Дни сменялись неделями, и Фрицль велел Элизабет написать матери другие письма. Так, ей пришлось сообщить, что она ушла в секту и просит полицию не искать ее. Писать эти письма было для нее пыткой. Каждым следующим письмом она лишала себя шансов на то, что кто-нибудь станет искать ее, сама запирала подвальную дверь на еще один замок, закапывая себя все глубже и глубже в могилу. Ей хотелось передать в них какие-нибудь знаки, которые указали бы адресатам на страшную истину. Но их диктовал и перечитывал отец. Он мог быть бесконечно бессердечным, но дураком он не был. Ничто не могло укрыться от него: ни символ, ни знак, ни малейший намек на то, что что-то идет не так.

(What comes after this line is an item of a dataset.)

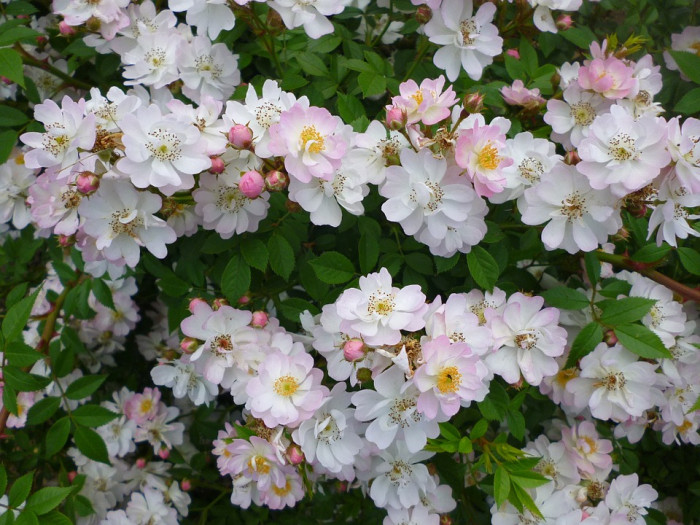 장미 - Rose, Rosa hybrida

Да и к тому же запуганная Розмари и доверчивые власти готовы были верить всему, что им говорилось. Сколько бы ни теплилась у нее надежда, при таком общении с миром она рано или поздно была обречена исчезнуть. Казалось, всем было все равно.

Полиция купилась на письма и прекратила поиски. А городские власти тем временем делали не больше того, чего от них требовалось. Они переправили заявление о пропаже девочки в Министерство внутренних дел Австрии, в управление финансами и во все управления образования Австрии, на случай, если имя Элизабет Фрицль всплывет в чьих-то протоколах, но на том их деятельный порыв и закончился.

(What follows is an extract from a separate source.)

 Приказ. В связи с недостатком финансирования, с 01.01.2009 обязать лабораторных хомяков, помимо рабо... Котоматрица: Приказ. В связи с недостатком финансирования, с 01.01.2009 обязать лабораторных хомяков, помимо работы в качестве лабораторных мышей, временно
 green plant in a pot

«Йозеф Фрицль только помог властям уклониться от этого дела, когда сообщил, что дочь его, вероятно, присоединилась к какой-то секте», – рассказывает «Дер Шпигель». С самого начала все казалось таким логичным. Никто даже не удосужился проконсультироваться с доктором Манфредом Вольфартом – офицером полиции, занимающимся проблемой сектантства в епархии церкви Св. Польтена. Он-то все раскусил бы в мгновение ока. Ведь секты, члены которых живут уединенно от своих семей и знакомых, практически не встречаются за пределами Японии и англоговорящего мира, где их эксцентричные выходки постоянно приковывают к себе внимание общественности.

Неделя-другая, и сыщики попросту махнули рукой на Элизабет Фрицль. А когда ей исполнилось девятнадцать, то ее исчезновение и вовсе перестало быть проблемой полиции. «В полиции с этим можно столкнуться сплошь и рядом. Все мы понимаем, что ребенок в какой-то момент все равно покидает дом, – объяснил главный следователь Франц Польцер. – А к тому же ей уже девятнадцать. Полиция Австрии не может разыскивать пропавших людей после того, как им исполнится девятнадцать. Гражданин Австрии волен отправиться в любую точку планеты, если ему захочется».